START GIVEN RECORDS

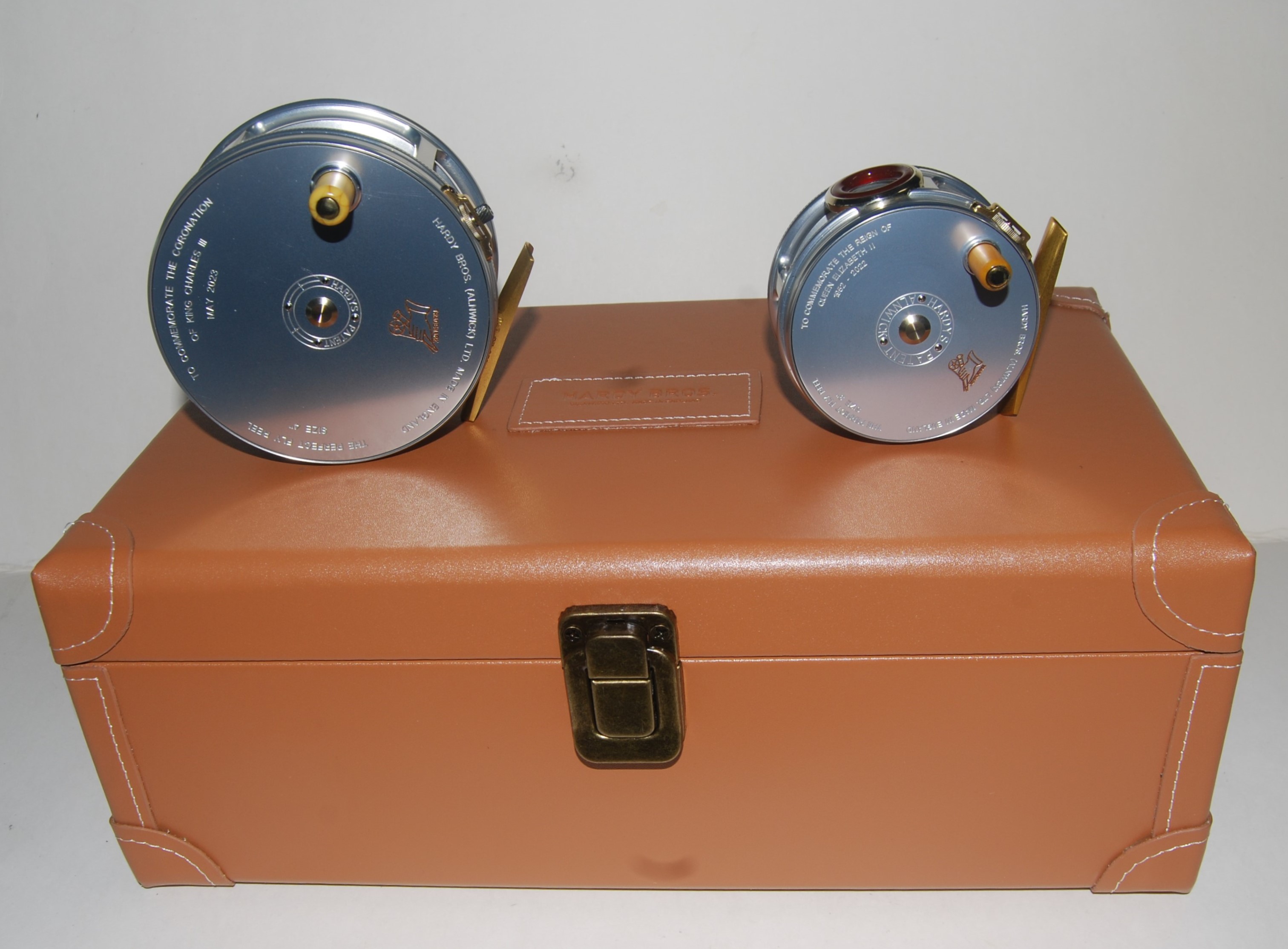 HARDY ROYAL COMMEMORATIVE PERFECT REEL SET. LHW. Limited Edition. One of  250 Sets. Each set consists of two reels: The 3 in. Queen's Reel, and the 4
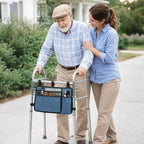 Walker Bag with Cup Holder for Folding Walker - Water Resistant Large Capacity Basket with Multiple Pockets, Walker Accessories for Seniors Elderly Handicap - Dark Blue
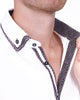 White Double Collar Dotted Print Shirt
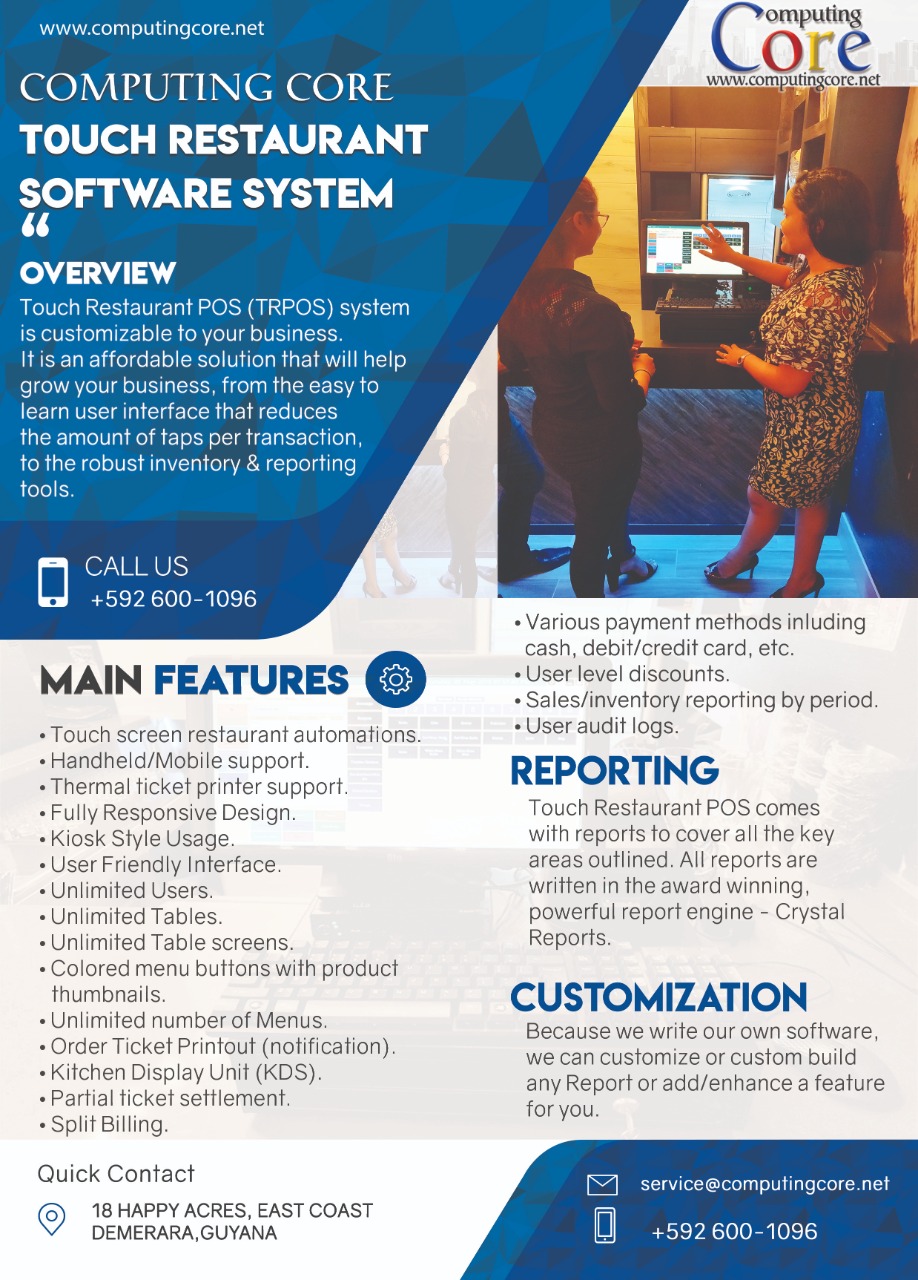 Computing Core Touch Restaurant POS (TouchPOS) flyer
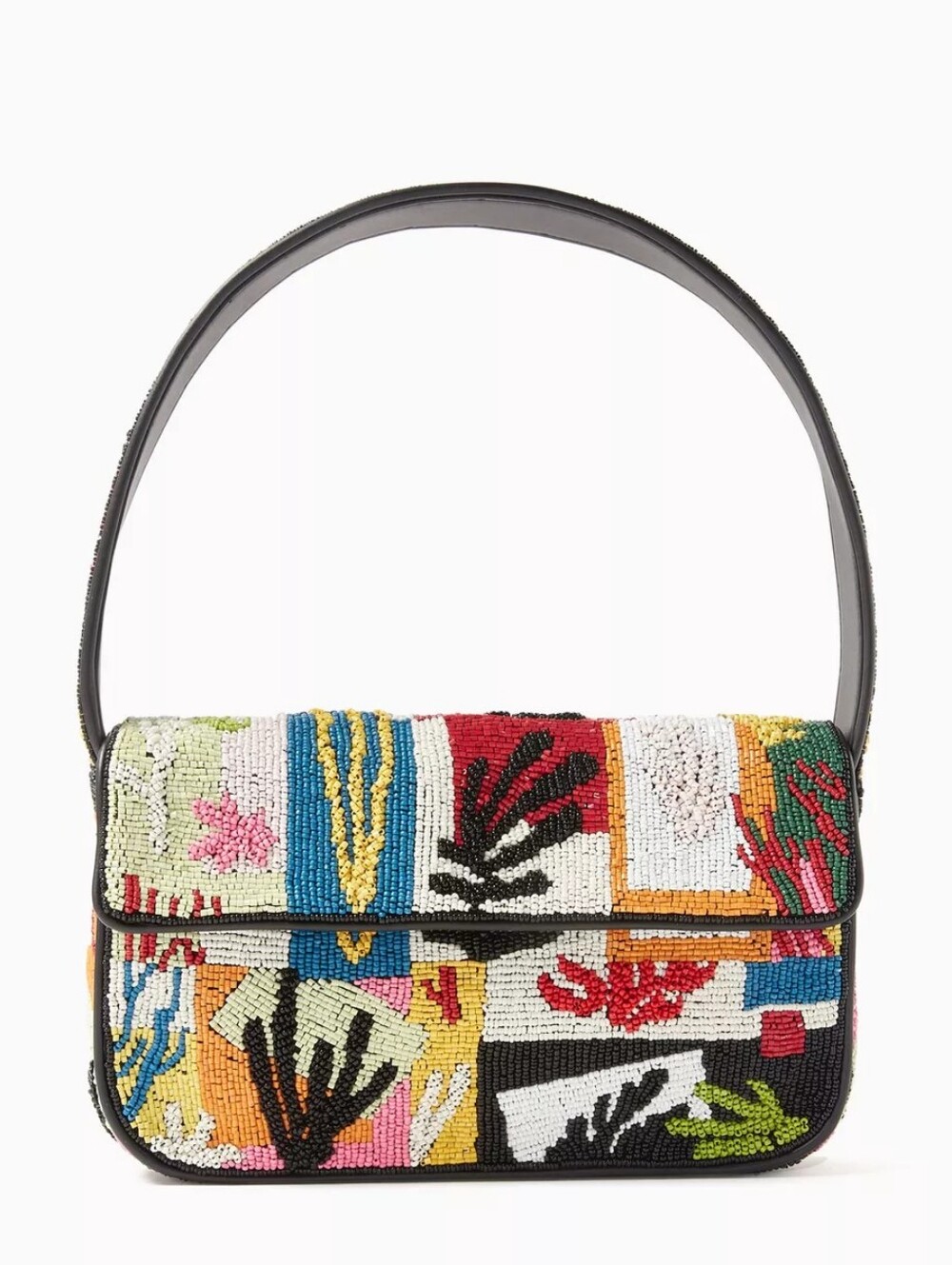 Staud tommy beaded bag in coral patchwork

END GIVEN RECORDS

Output the listing above exactly, pictures omitted.

 HARDY ROYAL COMMEMORATIVE PERFECT REEL SET. LHW. Limited Edition. One of  250 Sets. Each set consists of two reels: The 3 in. Queen's Reel, and the 4
 Walker Bag with Cup Holder for Folding Walker - Water Resistant Large Capacity Basket with Multiple Pockets, Walker Accessories for Seniors Elderly Handicap - Dark Blue
 White Double Collar Dotted Print Shirt
 Computing Core Touch Restaurant POS (TouchPOS) flyer
 Staud tommy beaded bag in coral patchwork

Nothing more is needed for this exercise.